◆ Short web captions
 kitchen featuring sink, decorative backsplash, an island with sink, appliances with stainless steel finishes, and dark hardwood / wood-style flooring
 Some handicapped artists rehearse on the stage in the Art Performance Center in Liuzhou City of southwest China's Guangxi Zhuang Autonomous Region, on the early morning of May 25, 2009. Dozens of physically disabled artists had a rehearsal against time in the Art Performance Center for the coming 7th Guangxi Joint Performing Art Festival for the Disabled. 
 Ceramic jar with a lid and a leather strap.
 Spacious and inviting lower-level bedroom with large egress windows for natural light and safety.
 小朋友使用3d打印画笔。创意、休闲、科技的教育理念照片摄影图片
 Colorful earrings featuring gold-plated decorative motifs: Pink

---

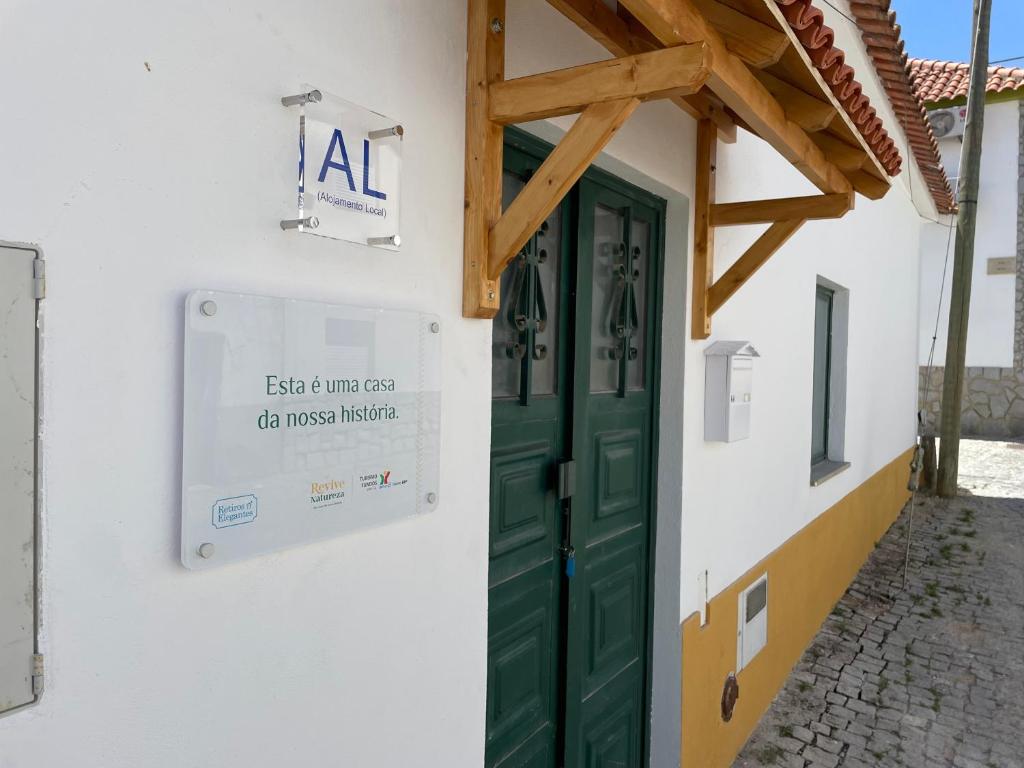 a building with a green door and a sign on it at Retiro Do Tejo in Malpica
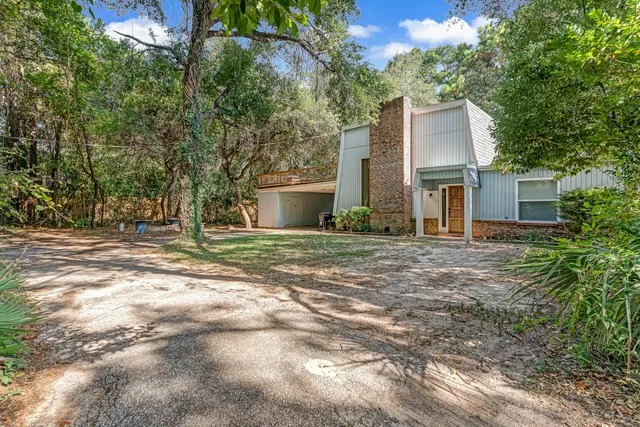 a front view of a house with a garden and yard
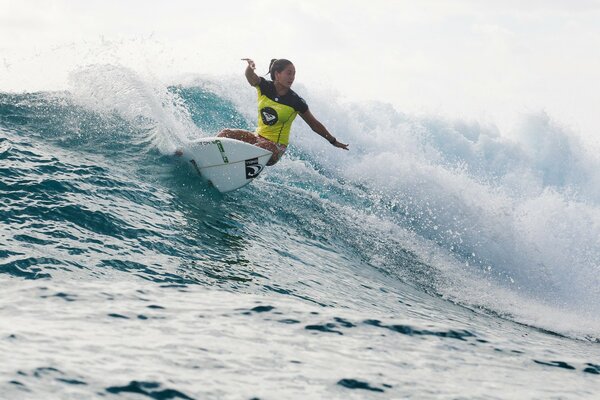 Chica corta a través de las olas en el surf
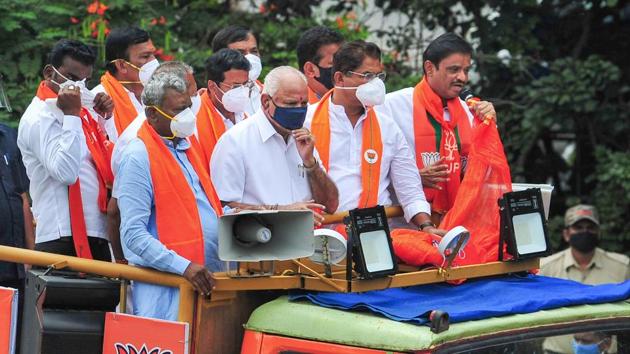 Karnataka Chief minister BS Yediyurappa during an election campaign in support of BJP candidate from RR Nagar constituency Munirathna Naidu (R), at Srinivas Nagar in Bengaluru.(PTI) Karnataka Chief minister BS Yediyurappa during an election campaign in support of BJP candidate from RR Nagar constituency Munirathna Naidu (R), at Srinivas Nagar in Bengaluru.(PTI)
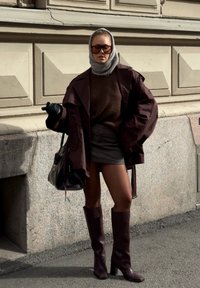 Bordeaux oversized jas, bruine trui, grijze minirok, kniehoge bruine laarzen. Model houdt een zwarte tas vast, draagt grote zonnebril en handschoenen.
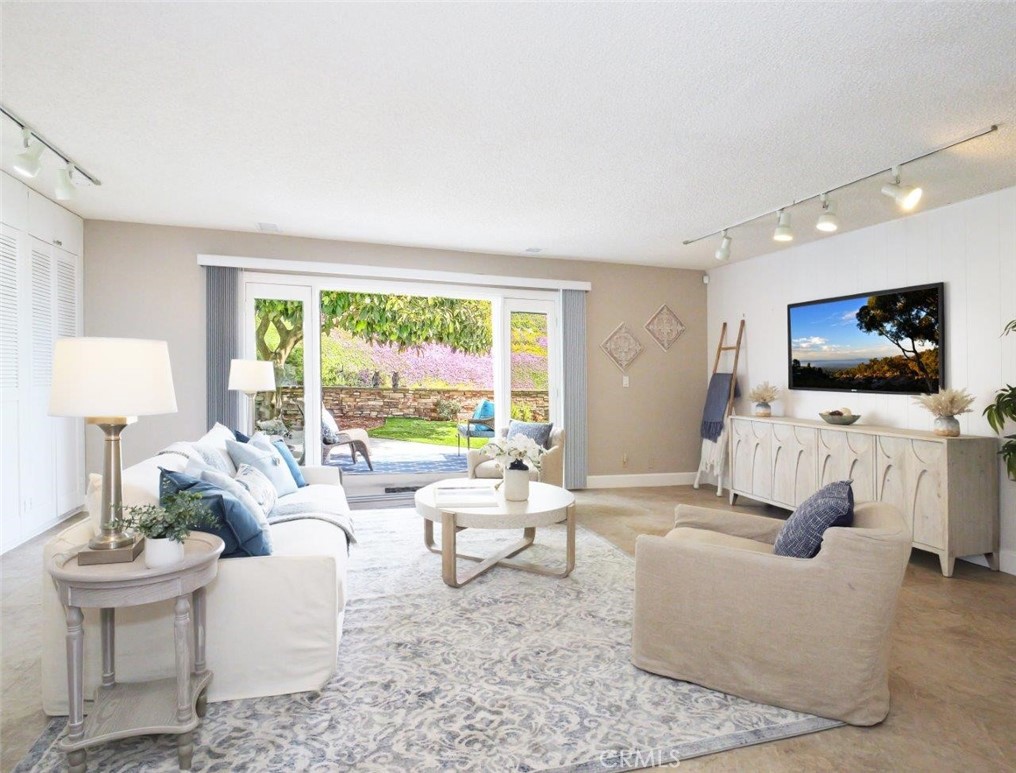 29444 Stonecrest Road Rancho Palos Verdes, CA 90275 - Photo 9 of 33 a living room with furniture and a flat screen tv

◆ WHAT YOU ARE ASKED TO DO
Your answer must be the exact lines from the records above, from the one containing "a building with" through the one containing "in Bengaluru.(PTI) Karnataka", both included, with every picture left out.

◆ WRITTEN ANSWER
 a building with a green door and a sign on it at Retiro Do Tejo in Malpica
 a front view of a house with a garden and yard
 Chica corta a través de las olas en el surf
 Karnataka Chief minister BS Yediyurappa during an election campaign in support of BJP candidate from RR Nagar constituency Munirathna Naidu (R), at Srinivas Nagar in Bengaluru.(PTI) Karnataka Chief minister BS Yediyurappa during an election campaign in support of BJP candidate from RR Nagar constituency Munirathna Naidu (R), at Srinivas Nagar in Bengaluru.(PTI)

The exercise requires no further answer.